# Pics of my new Orient Blue 330Ci



## modeboy (Apr 15, 2002)

Ok, here's my first stab at posting pics on this site. I hope I'll get it right the first time, as I know several have had problems when posting their first pics.

Anyway, it's not much. I haven't purchased any add ons, except for wheel locks.  I'll try to post pics of those later. 

I absolutely LOVE the natural brown interior. Coupled with the Myrtle wood, which I normally don't like with an all black or gray interior, I feel it looks really classy. The pics that I've see of Nat. Brown on the web all seem to have a lighter or washed out look. In person, the nat. brown has a bit darker look to it.

I haven't taken any pics of the interior yet, but I'll post them when I do.

Modeboy


----------



## modeboy (Apr 15, 2002)

I forgot to add that I did install Silvervisions in the front and rear. I personally like the all clear look.

They came with a pair of BlueVision 5w bulbs. I assume these are for side marker indicators? Has anyone replaced their orange bulbs with these?

Just curious,

Modeboy


----------



## Redshift (Apr 25, 2002)

Looks great. Its very hard to capture Orient Blue in pictures - in person you can tell, but in most pictures it looks more like black. You did a good job capturing the color itself.

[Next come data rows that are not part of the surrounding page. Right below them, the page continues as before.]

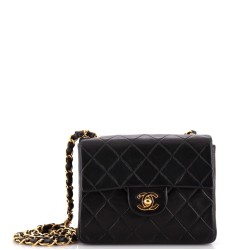Vintage Square Classic Single Flap Bag Quilted Lambskin Mini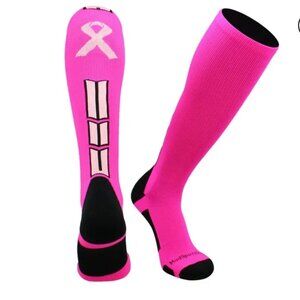 MadSportsStuff, NWOT, Breast Cancer Awareness baseball socks, pink and black.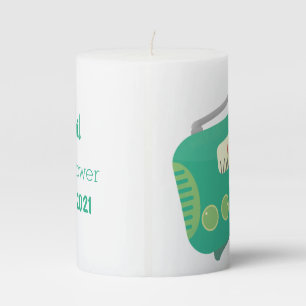 Cute funny happy retro radio cartoon pillar candle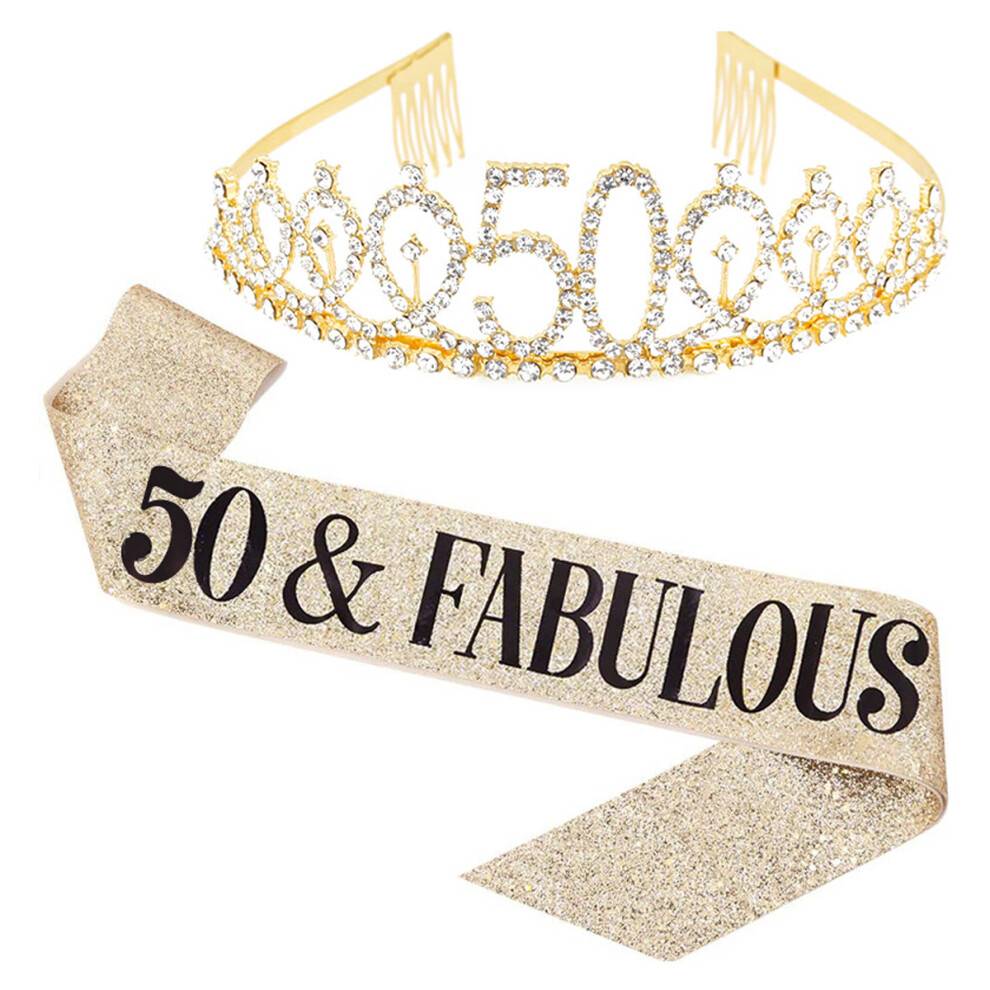Fødselsdagsskærf og tiara til kvinder, roseguldkronesæt med funklende design, elegant fødselsdagspynt og festartikler, moderigtigt tilbehør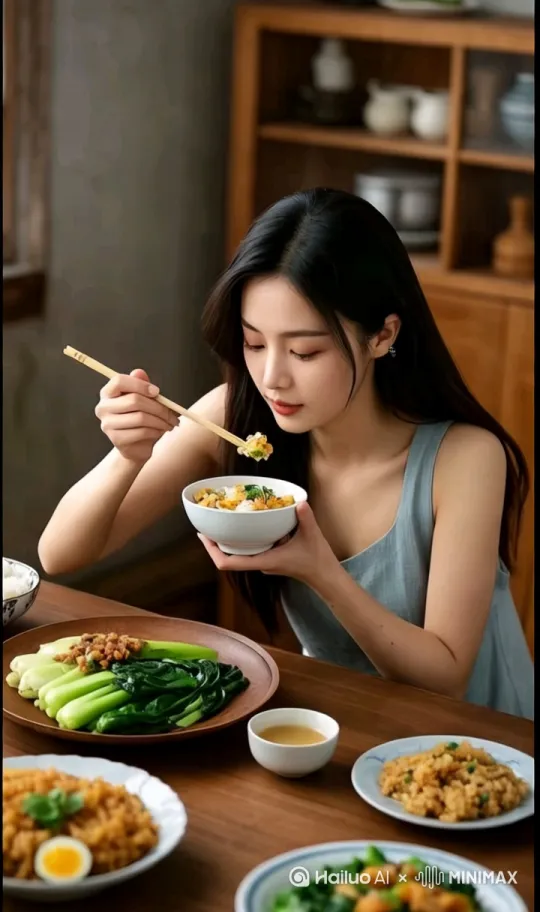 美女从碗里夹菜吃饭，面带微笑。[左移,右摇,跟随] by Hailuo AI Video Generator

Congrats! Now get some Zaino on there.


----------



## Shinobi (Dec 23, 2001)

*Very Nice*

Congratulations. Obviously my opinion is biased, but I love the coupes. Good color selection as most people go with silver or black it seems. Of course, I love Black and would not have gone any other way.

Regardless, Happy Driving! I'm sure you're going to enjoy your car like everyone else here does


----------



## Ack (Mar 16, 2002)

modeboy said:


> *I forgot to add that I did install Silvervisions in the front and rear. I personally like the all clear look.
> 
> They came with a pair of BlueVision 5w bulbs. I assume these are for side marker indicators? Has anyone replaced their orange bulbs with these?
> 
> ...


Modeboy - the car is looking great! :thumb:

I replaced the sidemarkers with Piaa's and they look really nice. Its really easy to install. You have to slide the sidemarker (I believe forward but it could be backwards, its been a little while since I installed them) and then use your fingernail to lift the rear of the sidemarker out.


----------



## AndyXXL (May 15, 2002)

The car looks great. I can't wait to get mine.


----------



## modeboy (Apr 15, 2002)

Ackster said:


> *I replaced the sidemarkers with Piaa's and they look really nice. Its really easy to install. You have to slide the sidemarker (I believe forward but it could be backwards, its been a little while since I installed them) and then use your fingernail to lift the rear of the sidemarker out. *


Are the PIAA's white instead of orange? I guess it's not actually legal to have the white ones in there, right? Yea, I read the manual on how to replace the bulbs there, and you just slide em forward. I may give em a shot and see what the BlueVisions look like in there.

Modeboy


----------



## Ack (Mar 16, 2002)

modeboy said:


> *
> 
> Are the PIAA's white instead of orange? I guess it's not actually legal to have the white ones in there, right? Yea, I read the manual on how to replace the bulbs there, and you just slide em forward. I may give em a shot and see what the BlueVisions look like in there.
> 
> Modeboy *


From what I'm reading/hearing, the white bulbs are legal in the sidemarkers but not in the front and rear turn signals. I'm planning on keeping my front and rear white until the silvervisions come in.


----------



## Mystikal (Dec 20, 2001)

modeboy said:


> *
> 
> Are the PIAA's white instead of orange? I guess it's not actually legal to have the white ones in there, right? Yea, I read the manual on how to replace the bulbs there, and you just slide em forward. I may give em a shot and see what the BlueVisions look like in there.
> 
> Modeboy *


It's actually disturbingly easy to replace the sidemarkers. Literally a 5 second job.


----------



## rbright (Aug 18, 2002)

Can you please tell me.... What are silvervisions?


----------



## IndyMike (Dec 19, 2001)

rbright said:


> *Can you please tell me.... What are silvervisions? *


They are silver colored bulbs that blink amber. They do away with the egg yolk look that the stock bulbs give off when viewed through the clear lenses.


----------



## AF (Dec 21, 2001)

We want interior pics !!!


Congrats . . . great looking car !!!


----------



## alee (Dec 19, 2001)

Stop taking pictures of my car!


----------



## Dr. Phil (Dec 19, 2001)

alee said:


> *Stop taking pictures of my car!     *


Al do you remember what you car looks like:dunno: No driving for you :banghead:

Modeboy looking good:thumbup:


----------